▶ [INSTRUCTIONS TO FOLLOW] Where an image appears, leave it out; otherwise repeat the data exactly.

(Stored entries)
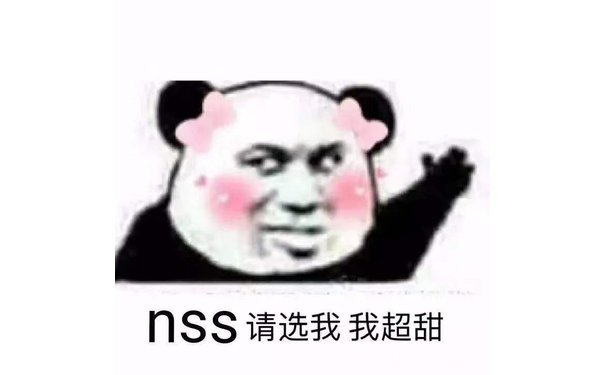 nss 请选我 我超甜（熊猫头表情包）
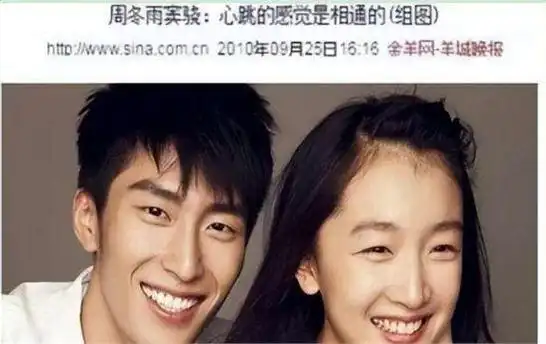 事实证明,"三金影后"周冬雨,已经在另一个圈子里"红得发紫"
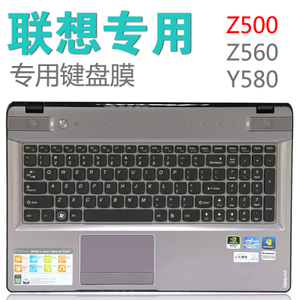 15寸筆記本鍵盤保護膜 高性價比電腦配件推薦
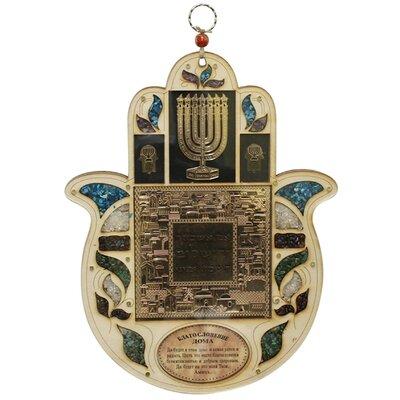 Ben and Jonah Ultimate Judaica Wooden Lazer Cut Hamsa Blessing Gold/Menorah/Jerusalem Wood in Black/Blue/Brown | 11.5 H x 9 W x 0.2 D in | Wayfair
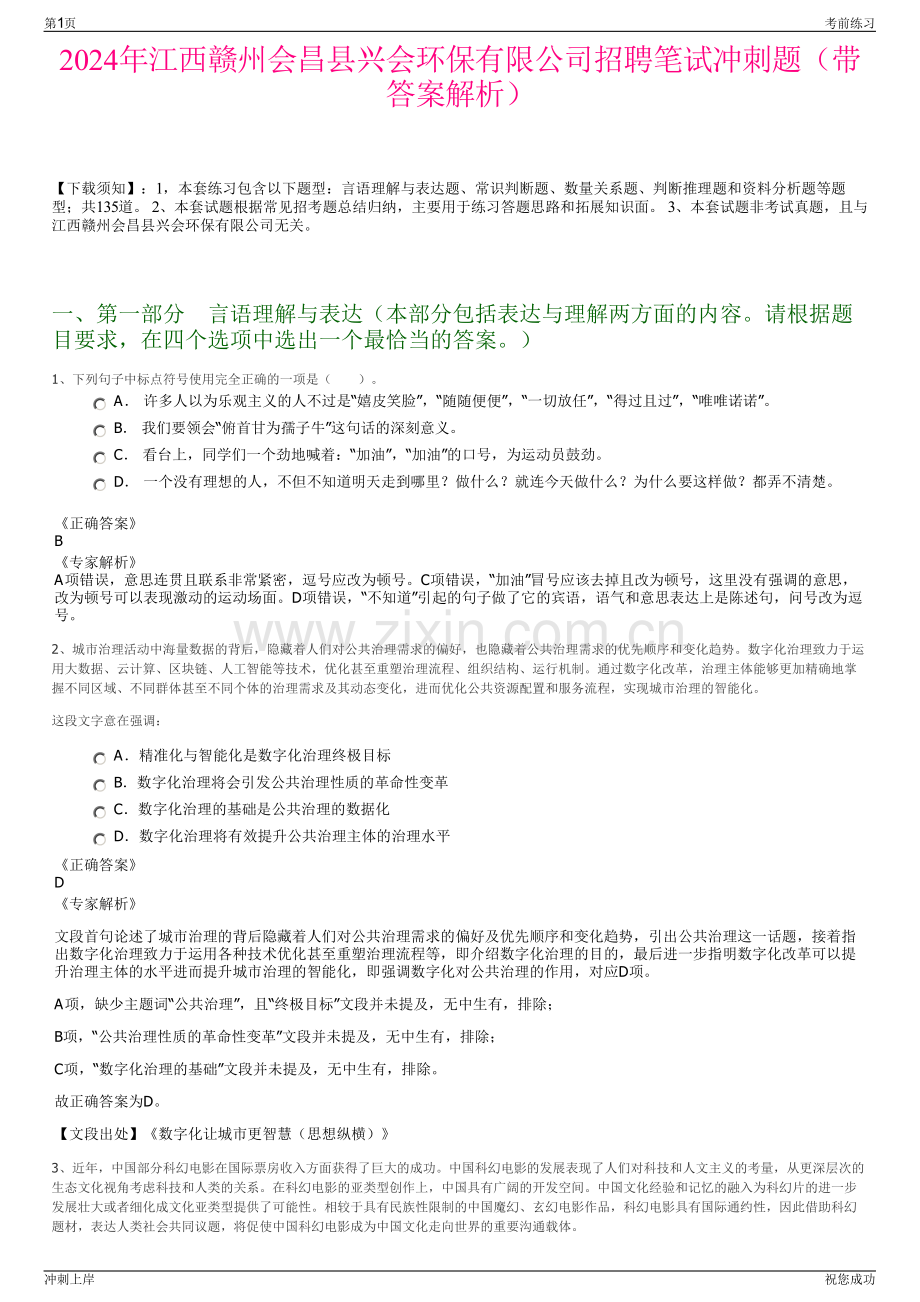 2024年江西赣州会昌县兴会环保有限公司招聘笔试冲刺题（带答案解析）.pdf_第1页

▶ [ANSWER SPACE]
 nss 请选我 我超甜（熊猫头表情包）
 事实证明,"三金影后"周冬雨,已经在另一个圈子里"红得发紫"
 15寸筆記本鍵盤保護膜 高性價比電腦配件推薦
 Ben and Jonah Ultimate Judaica Wooden Lazer Cut Hamsa Blessing Gold/Menorah/Jerusalem Wood in Black/Blue/Brown | 11.5 H x 9 W x 0.2 D in | Wayfair
 2024年江西赣州会昌县兴会环保有限公司招聘笔试冲刺题（带答案解析）.pdf_第1页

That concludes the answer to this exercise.